Ninguém quer repetir erros de 2008, quando atletas falaram demais e perderam a final

Fábio Hecico, O Estadao de S.Paulo

17 de junho de 2009 | 00h00

O Corinthians não quer repetir os erros de 2008 na Copa do Brasil. Na temporada passada, quando o título escapou para o Sport, na final, a equipe de Mano Menezes provocava demais os adversários. Diante do Internacional, hoje, no Pacaembu, no primeiro jogo da decisão, a ordem é repetir a tática de "boca fechada" de todo o torneio, diante de um adversário de rivalidade acirrada nos últimos anos, e até mesmo na história.Em 1976, por exemplo, os dois se enfrentaram na final do Brasileiro, vencida pelo Inter, em jogo único, no Beira-Rio, e com muita reclamação dos corintianos sobre o tratamento recebido no estádio. Os gaúchos venceram por 2 a 0.Em 2005, ficou no ar a polêmica dos jogos remarcados no Brasileiro, no qual o Alvinegro acabou se beneficiando e terminando três pontos à frente do adversário. Sem contar um pênalti do goleiro corintiano Fábio Costa em Tinga, não anotado no empate por 1 a 1 do Pacaembu. Os gaúchos consideraram-se campeões e deram até volta olímpica em Porto Alegre.

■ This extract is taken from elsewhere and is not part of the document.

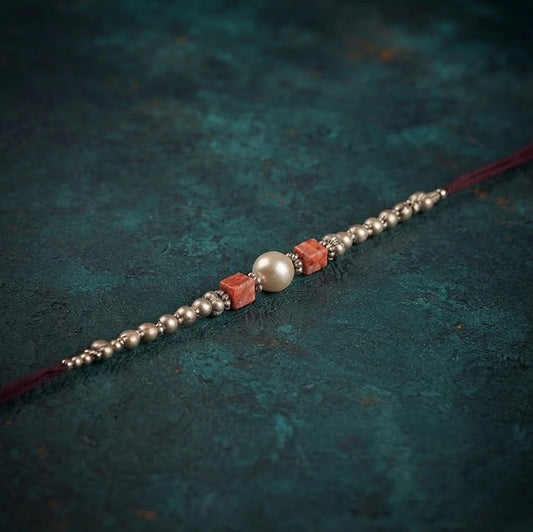 Velvety Pearl Rakhi With Rasgulla Delights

O "troco" viria em 2007. A derrota na rodada decisiva, por 2 a 1 para o Goiás, culminou no rebaixamento do Corinthians no Brasileiro. Os corintianos acusaram alguns colorados de fazer corpo mole no Serra Dourada."Falei no calor na partida. No Internacional todos são profissionais e aquilo não aconteceu", minimizou o goleiro Felipe, presente no ano do rebaixamento.O camisa 1, vivendo bom momento, é o maior adepto da "boca fechada" no Parque São Jorge. "É melhor falar menos e trabalhar mais, pois tudo que vinha falando virava polêmica", afirmou, em sua única coletiva na temporada, semana passada, na qual se diz na expectativa de bons jogos com os gaúchos."Não adianta querer ficar falando em rivalidade, em briga. O título será definido dentro de campo, com 11 jogadores de cada lado, e isso é o que importa", endossou o volante Cristian.Em 2008, ninguém no Parque São Jorge admitia "levar desaforo para casa". Foram discussões com o Goiás, o Botafogo e o Sport. Agora, a vida corintiana é no famoso "temos de respeitar o adversário", "vai ser um grande jogo" ou "eles são os favoritos." Até Ronaldo Fenômeno se rendeu e fez questão de enumerar as qualidades gaúchas.Se a tática vai dar certo, só o tempo dirá. Até lá, porém, é certo que ninguém no Corinthians vai querer polêmica.